■ **WHAT NEEDS TO BE DONE**:
Take the entries that follow and return exactly the lines from the one holding "Used 2020 Toyota RAV4 XLE image 2" through the one holding "Hoofdafbeelding Tesla Model Y", both included. Nothing else is needed.

■ **RECORDS TO USE**:
═══
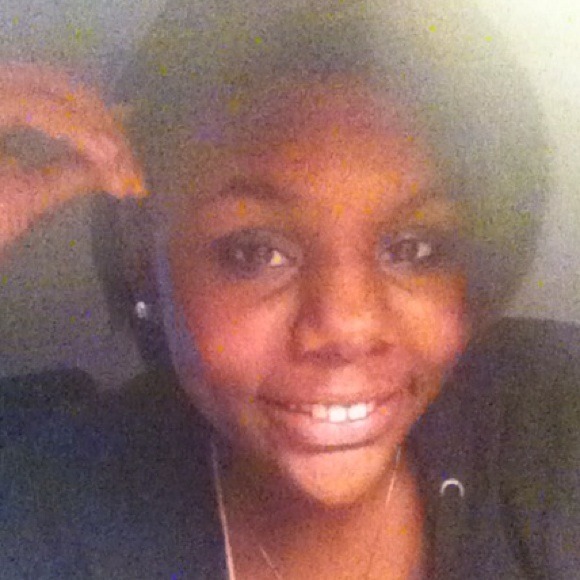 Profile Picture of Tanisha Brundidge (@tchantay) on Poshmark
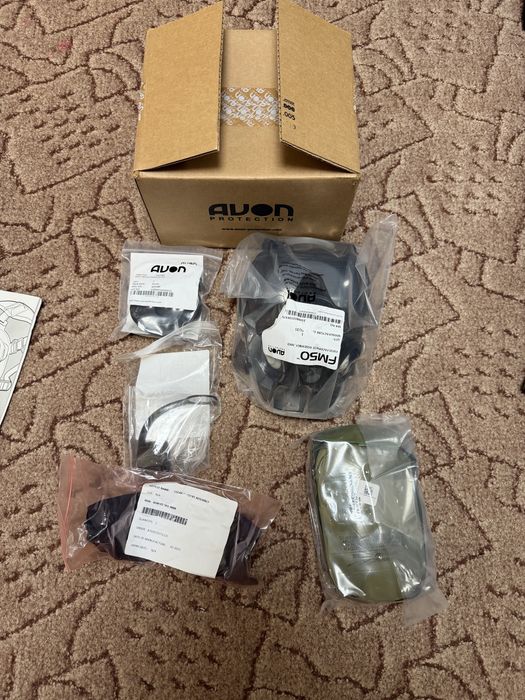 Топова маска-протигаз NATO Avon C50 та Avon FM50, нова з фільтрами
═══
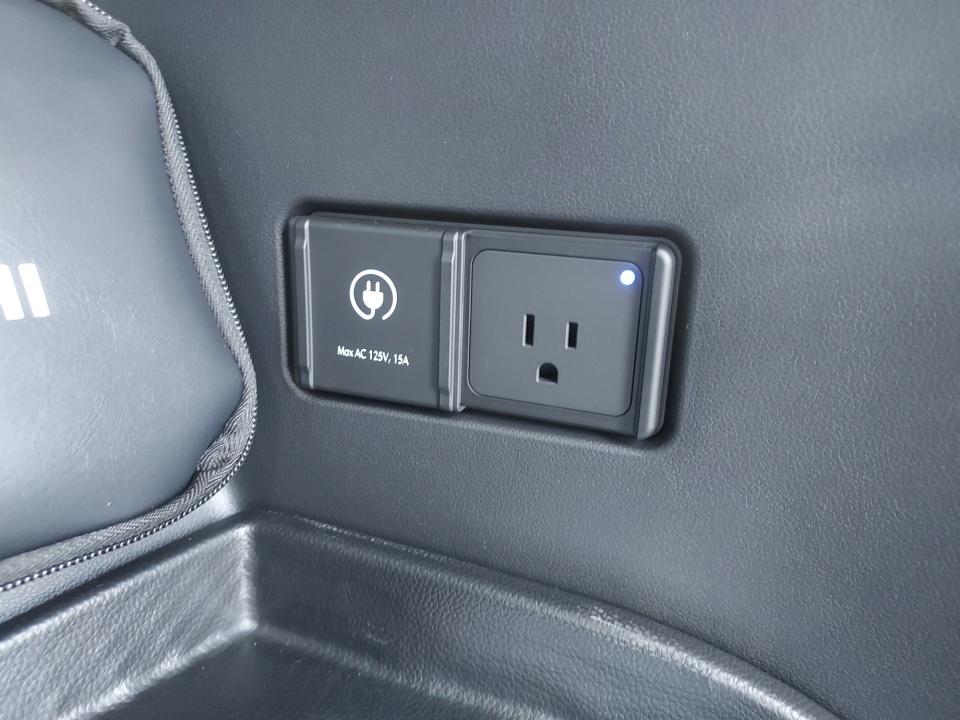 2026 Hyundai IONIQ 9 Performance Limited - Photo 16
═══
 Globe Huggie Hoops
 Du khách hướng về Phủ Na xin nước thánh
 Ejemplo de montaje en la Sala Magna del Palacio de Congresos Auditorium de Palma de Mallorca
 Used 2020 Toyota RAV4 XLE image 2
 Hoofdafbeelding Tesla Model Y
═══
■ **ANSWER SPACE**:
 Used 2020 Toyota RAV4 XLE image 2
 Hoofdafbeelding Tesla Model Y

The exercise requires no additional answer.